• [Your instructions]: Apart from the images, output the data below exactly.

• [Information provided]:
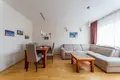 Коммерческое помещение 2 комнаты 51 м² в Варшава, Польша
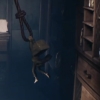 cycledsingularity: (Dangling)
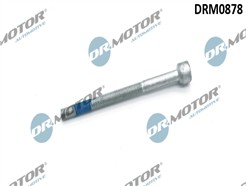 Dr.Motor Automotive DRM0878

• [Result of this exercise]:
 Коммерческое помещение 2 комнаты 51 м² в Варшава, Польша
 cycledsingularity: (Dangling)
 Dr.Motor Automotive DRM0878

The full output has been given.